══ Supplied material ══
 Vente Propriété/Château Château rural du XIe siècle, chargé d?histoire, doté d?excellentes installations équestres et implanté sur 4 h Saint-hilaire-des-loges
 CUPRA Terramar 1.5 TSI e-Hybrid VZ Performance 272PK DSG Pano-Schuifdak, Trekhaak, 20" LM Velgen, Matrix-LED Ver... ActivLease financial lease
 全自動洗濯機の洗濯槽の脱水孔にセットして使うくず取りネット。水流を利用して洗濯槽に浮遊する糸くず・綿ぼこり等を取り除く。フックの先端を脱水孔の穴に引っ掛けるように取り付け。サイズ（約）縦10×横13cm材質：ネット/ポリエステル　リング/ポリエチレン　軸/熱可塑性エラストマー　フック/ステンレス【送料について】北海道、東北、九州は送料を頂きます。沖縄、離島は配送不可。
═══
══ Supplied material ══
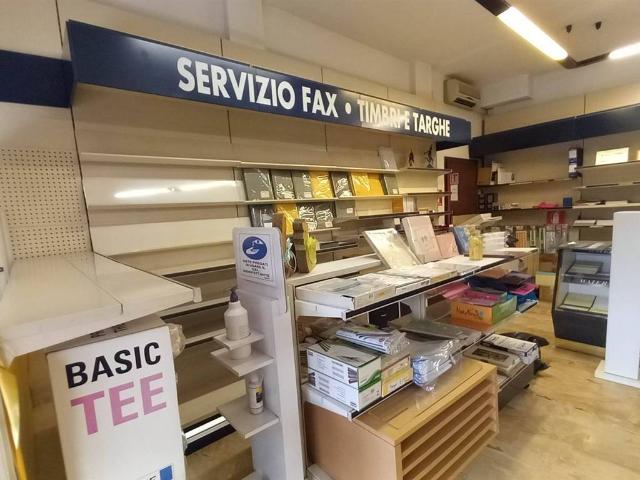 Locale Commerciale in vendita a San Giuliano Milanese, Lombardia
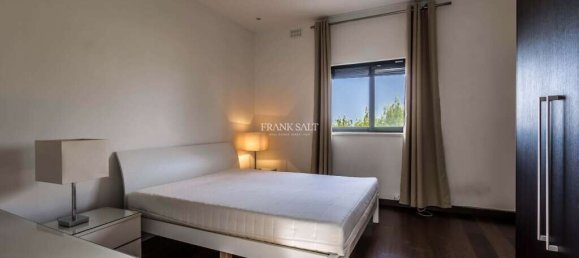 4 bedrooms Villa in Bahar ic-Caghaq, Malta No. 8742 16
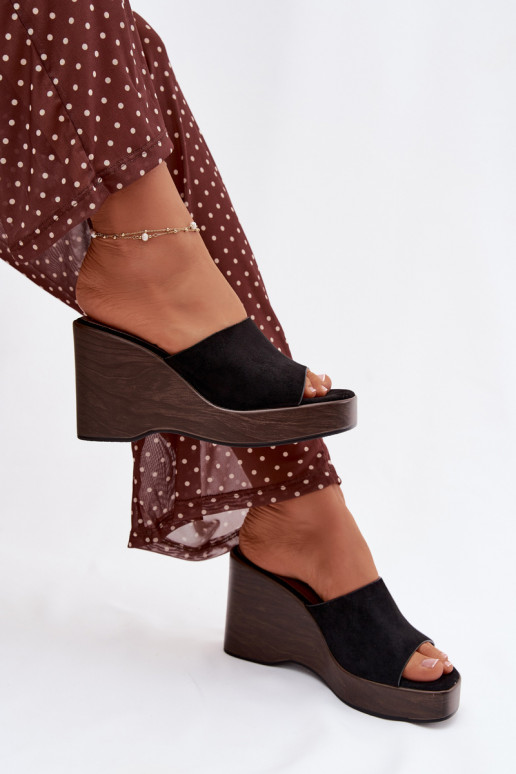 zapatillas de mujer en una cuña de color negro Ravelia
═══
Using the data above, retype exactly and only the lines from the one containing "4 bedrooms Villa" up to and including the one containing "zapatillas de mujer", with no pictures carried over.

**Task solution:**
 4 bedrooms Villa in Bahar ic-Caghaq, Malta No. 8742 16
 zapatillas de mujer en una cuña de color negro Ravelia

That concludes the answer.